In the second decade of the twentieth century, at a seedy nightclub in
Zurich, in a room half the size of that packed with fellow "Bossa Fataka"
shouters, Hugo Ball, a poet, and Emmy Hennings, a female singer, opened
up the Cabaret Voltaire as a centre for "artistic entertainment and intellectual
exchange". In the four months it existed, the performers planted the seeds
for an explosion of creative arts ranging from surrealism to punk.
Glossop may well be a long way from Zurich in 1916 but the audience seemed
warmly receptive to the poetry and experimental use of words and vocal sound
that was delivered from the stage, although I'm not quite sure what the
two elderly ladies sat on the next table, crunching crisps, thought of Andy
Hancock's almost climactic shouts of "Yes, yes, yes, yes, yes" during the
performance of L'amiral cherche une maison à louer.

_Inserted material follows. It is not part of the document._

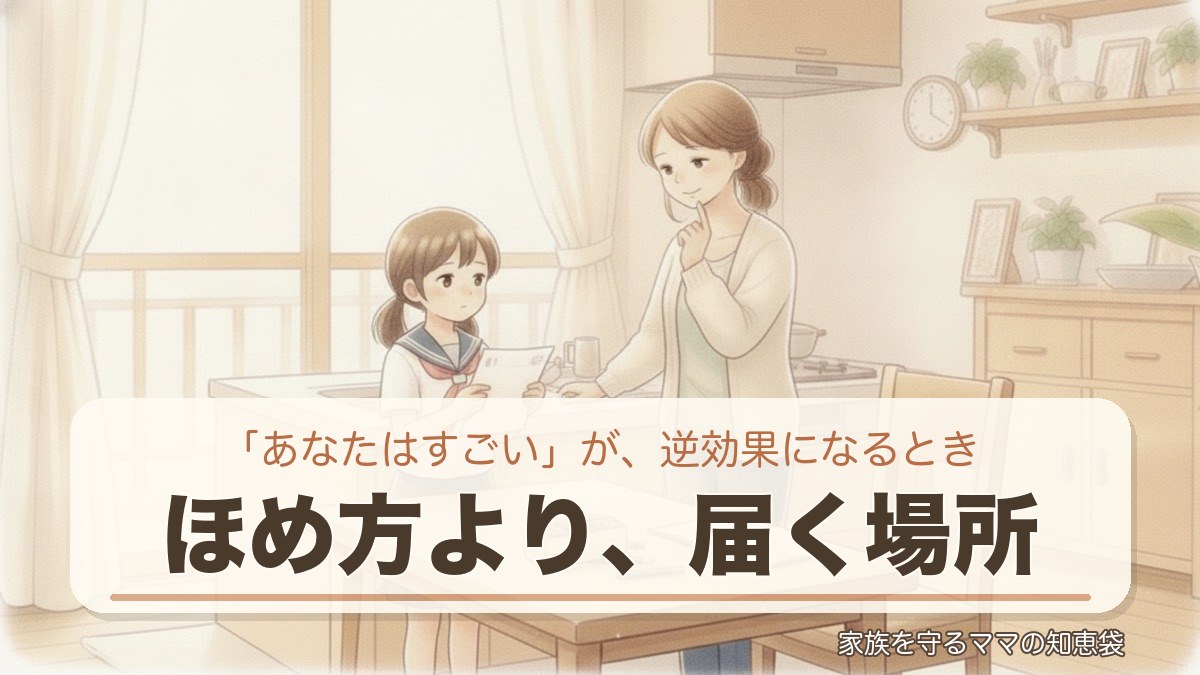 「あなたはすごい」と言われて一瞬うつむく子どもと、少し戸惑う母親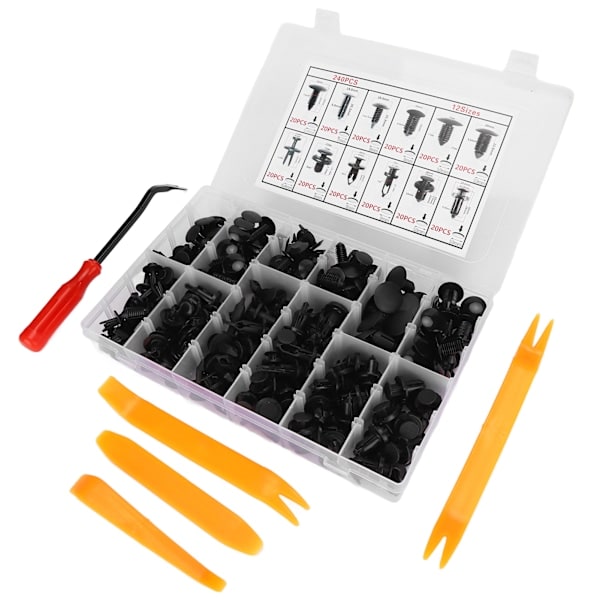 240 kpl Auton kiinnitysklipsit Muoviniitti Kiinnike Auton Push Kit 5 kpl Trim Panel Irrotustyökaluilla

I was hoping that, sat at my table looking at an advert for the forthcoming
production of Cabaret, we'd be offered a sample of what to expect
from a show that also was routed firmly in the genre of the Cabaret Voltaire.
I was not disappointed. Cordelia Howard performed, unaccompanied, a selection
of songs from the show, including a powerful rendition of Mein Herr.
As a celebration of those creative dark days of World War 1, it seems fitting
that this exploration of the Cabaret Voltaire was chosen to open this year's
Mayfest.
As the poet Hugo Ball might say "hollaka hollala, anlogo bung!"